Yes, you read that correctly. In a Reichenbach Falls moment at the end of Batman #40, Batman and the Joker apparently did each other in. Flash forward a couple of months, and Jim Gordon has taken the mantle of the bat. No, the 46-year-old former chain smoker isn’t swinging around Gotham like the erstwhile Bruce Wayne. Instead, he’s assisted by a special suit that protects him while augmenting his abilities. Think Batman meets Iron Man.
If it sounds like a stunt (Batman last “died” only a few years ago) the creative team behind the Batman title promises it isn’t. Rather it is an extremely personal story, and challenge, from writer Scott Snyder and artist Greg Capullo.
“The question is can Batman still be relevant in today’s world?” Snyder said during a San Diego Comic-Con panel, adding that the storyline investigates the core of the Batman mythos.
Gordon’s role in the Batman series has always been a stand in for the rest of us. Now, it’s an everyman – complete with children, a mortgage and real responsibilities – who must take on the fiercest villains Gotham can throw at him. Of course, he does it with the help of a Battruck, a Batarang gun and the aforementioned suit.
But What About Master Wayne?
The flip side of the story on Bruce Wayne, who is very much alive, though no longer terrorizing Gotham dark underbelly.

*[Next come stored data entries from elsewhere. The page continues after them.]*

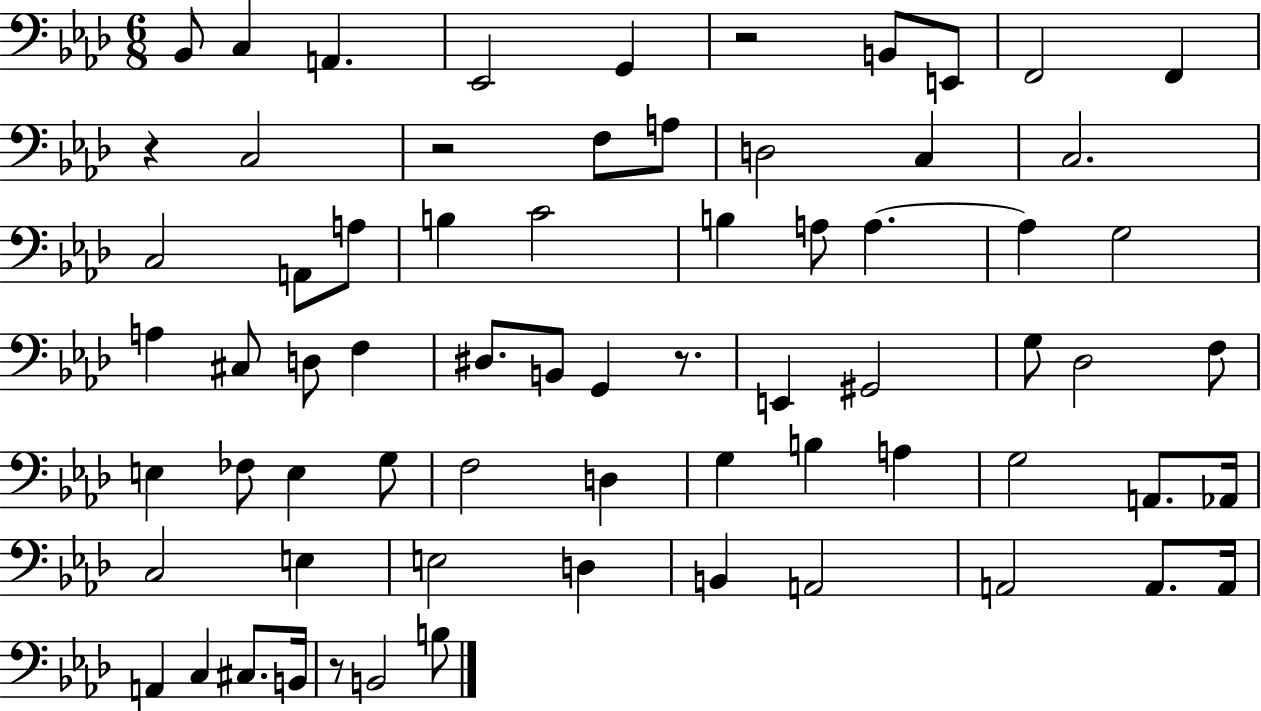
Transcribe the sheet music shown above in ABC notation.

X:1
T:Untitled
M:6/8
L:1/4
K:Ab
_B,,/2 C, A,, _E,,2 G,, z2 B,,/2 E,,/2 F,,2 F,, z C,2 z2 F,/2 A,/2 D,2 C, C,2 C,2 A,,/2 A,/2 B, C2 B, A,/2 A, A, G,2 A, ^C,/2 D,/2 F, ^D,/2 B,,/2 G,, z/2 E,, ^G,,2 G,/2 _D,2 F,/2 E, _F,/2 E, G,/2 F,2 D, G, B, A, G,2 A,,/2 _A,,/4 C,2 E, E,2 D, B,, A,,2 A,,2 A,,/2 A,,/4 A,, C, ^C,/2 B,,/4 z/2 B,,2 B,/2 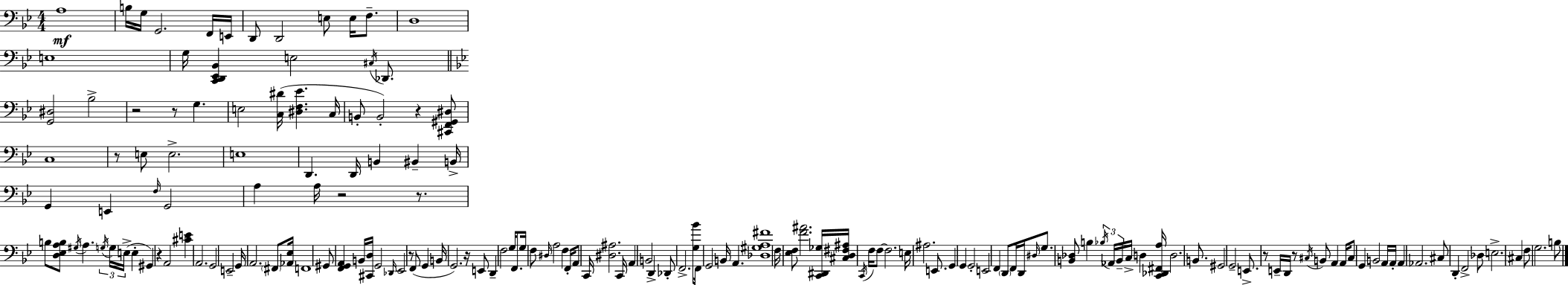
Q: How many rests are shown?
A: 11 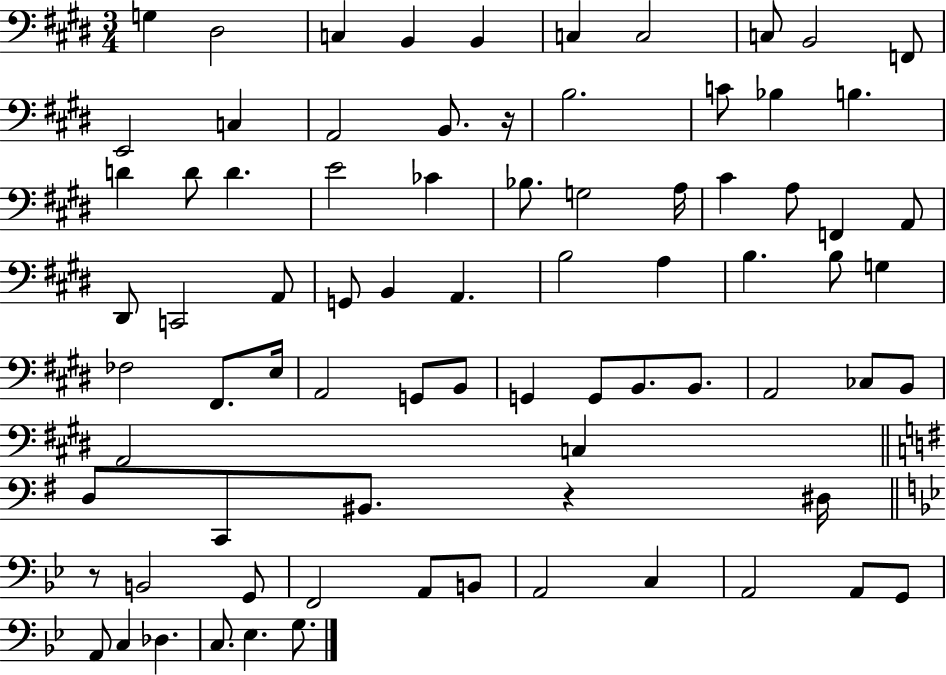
X:1
T:Untitled
M:3/4
L:1/4
K:E
G, ^D,2 C, B,, B,, C, C,2 C,/2 B,,2 F,,/2 E,,2 C, A,,2 B,,/2 z/4 B,2 C/2 _B, B, D D/2 D E2 _C _B,/2 G,2 A,/4 ^C A,/2 F,, A,,/2 ^D,,/2 C,,2 A,,/2 G,,/2 B,, A,, B,2 A, B, B,/2 G, _F,2 ^F,,/2 E,/4 A,,2 G,,/2 B,,/2 G,, G,,/2 B,,/2 B,,/2 A,,2 _C,/2 B,,/2 A,,2 C, D,/2 C,,/2 ^B,,/2 z ^D,/4 z/2 B,,2 G,,/2 F,,2 A,,/2 B,,/2 A,,2 C, A,,2 A,,/2 G,,/2 A,,/2 C, _D, C,/2 _E, G,/2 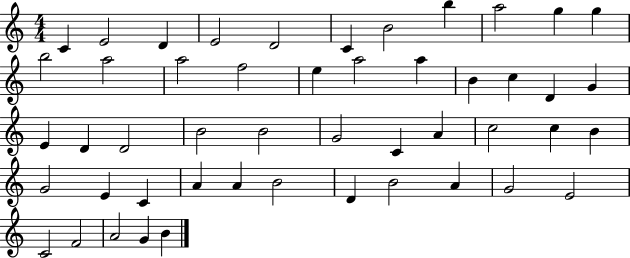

As Snyder put it, “What if Batman died and Bruce Wayne came back?” In short, Bruce comes back without his Batman pathology.
The story comes four years into this creative team’s work on the series, an eternity in the world of comics.
“I knew if we stayed, we wanted to do something completely different,” Snyder said.
It doesn’t get much different than Batman Gordon.